## TASK DIRECTIONS
Return, exactly and in full, the lines of the records below starting at the one with "Fine line cursive" and ending at the one with "Zwarte Alfabet Letter", and no other lines.

## Extracted data entries
☆ ☆ ☆ ☆ ☆
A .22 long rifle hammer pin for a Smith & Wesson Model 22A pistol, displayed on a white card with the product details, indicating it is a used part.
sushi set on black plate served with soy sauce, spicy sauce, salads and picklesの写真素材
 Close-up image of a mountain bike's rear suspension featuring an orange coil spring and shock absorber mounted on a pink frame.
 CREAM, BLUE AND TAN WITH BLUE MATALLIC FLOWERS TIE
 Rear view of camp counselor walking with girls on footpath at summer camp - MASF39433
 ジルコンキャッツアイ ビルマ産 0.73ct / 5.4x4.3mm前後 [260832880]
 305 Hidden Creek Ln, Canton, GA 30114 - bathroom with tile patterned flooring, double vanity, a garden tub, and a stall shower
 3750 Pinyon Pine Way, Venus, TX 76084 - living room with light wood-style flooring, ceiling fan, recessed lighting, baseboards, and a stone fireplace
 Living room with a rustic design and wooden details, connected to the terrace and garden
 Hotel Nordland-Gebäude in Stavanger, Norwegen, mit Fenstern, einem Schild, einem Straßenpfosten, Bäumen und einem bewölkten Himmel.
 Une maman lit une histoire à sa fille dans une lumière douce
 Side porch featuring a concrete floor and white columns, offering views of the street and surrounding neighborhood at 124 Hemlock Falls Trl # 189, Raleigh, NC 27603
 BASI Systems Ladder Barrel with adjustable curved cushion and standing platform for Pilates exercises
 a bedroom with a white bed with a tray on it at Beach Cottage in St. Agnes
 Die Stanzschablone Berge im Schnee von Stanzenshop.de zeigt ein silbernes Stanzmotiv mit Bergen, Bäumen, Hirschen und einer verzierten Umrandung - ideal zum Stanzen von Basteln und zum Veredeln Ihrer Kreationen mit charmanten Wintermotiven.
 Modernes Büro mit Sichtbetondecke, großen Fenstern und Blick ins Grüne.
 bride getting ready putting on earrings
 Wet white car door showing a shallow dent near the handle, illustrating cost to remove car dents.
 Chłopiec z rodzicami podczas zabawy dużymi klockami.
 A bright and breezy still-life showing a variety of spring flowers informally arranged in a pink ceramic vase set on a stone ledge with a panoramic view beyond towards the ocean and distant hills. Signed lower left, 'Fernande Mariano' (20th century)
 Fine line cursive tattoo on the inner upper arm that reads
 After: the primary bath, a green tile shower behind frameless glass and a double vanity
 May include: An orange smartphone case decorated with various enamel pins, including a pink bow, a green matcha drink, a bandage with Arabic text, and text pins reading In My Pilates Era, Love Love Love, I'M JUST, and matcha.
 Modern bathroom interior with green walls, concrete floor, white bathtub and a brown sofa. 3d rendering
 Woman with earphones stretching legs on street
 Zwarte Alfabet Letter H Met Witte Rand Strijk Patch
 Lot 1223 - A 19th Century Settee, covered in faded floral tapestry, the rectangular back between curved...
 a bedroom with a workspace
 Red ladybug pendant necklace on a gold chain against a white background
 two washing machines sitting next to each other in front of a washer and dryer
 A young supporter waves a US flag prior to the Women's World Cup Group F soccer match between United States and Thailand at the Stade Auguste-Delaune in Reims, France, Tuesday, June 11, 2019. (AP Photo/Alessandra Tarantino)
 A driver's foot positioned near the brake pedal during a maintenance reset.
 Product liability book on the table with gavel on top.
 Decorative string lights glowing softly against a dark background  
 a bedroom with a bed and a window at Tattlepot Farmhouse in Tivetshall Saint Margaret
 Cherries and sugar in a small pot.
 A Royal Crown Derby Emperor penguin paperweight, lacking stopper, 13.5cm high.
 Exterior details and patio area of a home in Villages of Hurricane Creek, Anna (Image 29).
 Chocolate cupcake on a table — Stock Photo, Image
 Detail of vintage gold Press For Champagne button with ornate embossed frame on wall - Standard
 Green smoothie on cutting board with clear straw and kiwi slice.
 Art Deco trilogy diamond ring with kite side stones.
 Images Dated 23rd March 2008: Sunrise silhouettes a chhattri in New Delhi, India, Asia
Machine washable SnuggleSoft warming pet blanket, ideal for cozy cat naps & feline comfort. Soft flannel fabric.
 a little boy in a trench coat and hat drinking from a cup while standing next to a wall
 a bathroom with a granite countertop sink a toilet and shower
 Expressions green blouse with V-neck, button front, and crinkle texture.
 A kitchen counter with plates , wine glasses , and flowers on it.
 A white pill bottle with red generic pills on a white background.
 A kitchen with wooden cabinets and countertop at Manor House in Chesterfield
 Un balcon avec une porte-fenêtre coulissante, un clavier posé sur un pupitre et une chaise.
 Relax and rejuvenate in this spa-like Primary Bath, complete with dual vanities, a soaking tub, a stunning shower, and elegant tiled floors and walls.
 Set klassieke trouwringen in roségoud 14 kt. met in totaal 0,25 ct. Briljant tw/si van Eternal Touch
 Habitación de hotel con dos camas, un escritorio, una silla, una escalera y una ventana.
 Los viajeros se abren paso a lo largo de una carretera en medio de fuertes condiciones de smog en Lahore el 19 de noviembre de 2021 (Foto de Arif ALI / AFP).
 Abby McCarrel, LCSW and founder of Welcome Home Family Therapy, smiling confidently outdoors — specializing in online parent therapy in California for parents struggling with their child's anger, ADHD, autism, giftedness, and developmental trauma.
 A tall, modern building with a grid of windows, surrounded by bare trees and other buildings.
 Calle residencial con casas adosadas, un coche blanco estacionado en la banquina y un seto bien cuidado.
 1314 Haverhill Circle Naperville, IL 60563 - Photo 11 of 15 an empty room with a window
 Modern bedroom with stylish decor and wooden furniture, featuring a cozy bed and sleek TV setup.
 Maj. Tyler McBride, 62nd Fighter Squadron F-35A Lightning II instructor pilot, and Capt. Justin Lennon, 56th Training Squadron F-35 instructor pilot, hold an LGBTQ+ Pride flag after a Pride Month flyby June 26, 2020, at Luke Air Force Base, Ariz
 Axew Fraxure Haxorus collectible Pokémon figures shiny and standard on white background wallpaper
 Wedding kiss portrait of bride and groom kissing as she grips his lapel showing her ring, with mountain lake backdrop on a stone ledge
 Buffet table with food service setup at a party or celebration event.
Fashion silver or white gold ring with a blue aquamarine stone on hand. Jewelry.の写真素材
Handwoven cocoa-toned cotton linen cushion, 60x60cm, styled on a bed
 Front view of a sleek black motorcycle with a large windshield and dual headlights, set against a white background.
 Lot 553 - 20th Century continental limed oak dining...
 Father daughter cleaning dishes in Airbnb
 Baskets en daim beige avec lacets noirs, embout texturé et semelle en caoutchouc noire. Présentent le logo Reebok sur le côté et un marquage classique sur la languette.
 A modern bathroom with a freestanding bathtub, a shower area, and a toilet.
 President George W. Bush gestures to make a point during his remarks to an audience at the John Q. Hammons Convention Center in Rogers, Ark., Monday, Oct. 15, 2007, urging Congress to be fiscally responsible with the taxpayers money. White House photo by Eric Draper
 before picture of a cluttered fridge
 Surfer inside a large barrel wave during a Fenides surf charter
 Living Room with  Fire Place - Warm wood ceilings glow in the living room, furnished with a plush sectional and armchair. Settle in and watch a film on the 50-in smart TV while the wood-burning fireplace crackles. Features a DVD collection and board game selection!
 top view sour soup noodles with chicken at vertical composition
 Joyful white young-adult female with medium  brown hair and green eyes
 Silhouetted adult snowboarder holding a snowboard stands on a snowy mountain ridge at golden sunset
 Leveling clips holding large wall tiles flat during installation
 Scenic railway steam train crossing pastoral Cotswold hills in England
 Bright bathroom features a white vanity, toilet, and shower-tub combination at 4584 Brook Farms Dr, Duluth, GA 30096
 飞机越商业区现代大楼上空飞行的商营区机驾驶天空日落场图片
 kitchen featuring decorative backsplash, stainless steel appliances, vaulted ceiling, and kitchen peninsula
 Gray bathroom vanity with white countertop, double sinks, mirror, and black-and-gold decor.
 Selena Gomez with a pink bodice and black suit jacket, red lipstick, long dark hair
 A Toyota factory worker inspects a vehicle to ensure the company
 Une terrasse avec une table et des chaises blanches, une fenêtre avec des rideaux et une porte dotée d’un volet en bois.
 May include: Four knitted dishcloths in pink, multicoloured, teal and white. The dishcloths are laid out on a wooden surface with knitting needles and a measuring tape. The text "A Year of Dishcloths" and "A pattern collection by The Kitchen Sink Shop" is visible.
☆ ☆ ☆ ☆ ☆
## RESULT
 Fine line cursive tattoo on the inner upper arm that reads
 After: the primary bath, a green tile shower behind frameless glass and a double vanity
 May include: An orange smartphone case decorated with various enamel pins, including a pink bow, a green matcha drink, a bandage with Arabic text, and text pins reading In My Pilates Era, Love Love Love, I'M JUST, and matcha.
 Modern bathroom interior with green walls, concrete floor, white bathtub and a brown sofa. 3d rendering
 Woman with earphones stretching legs on street
 Zwarte Alfabet Letter H Met Witte Rand Strijk Patch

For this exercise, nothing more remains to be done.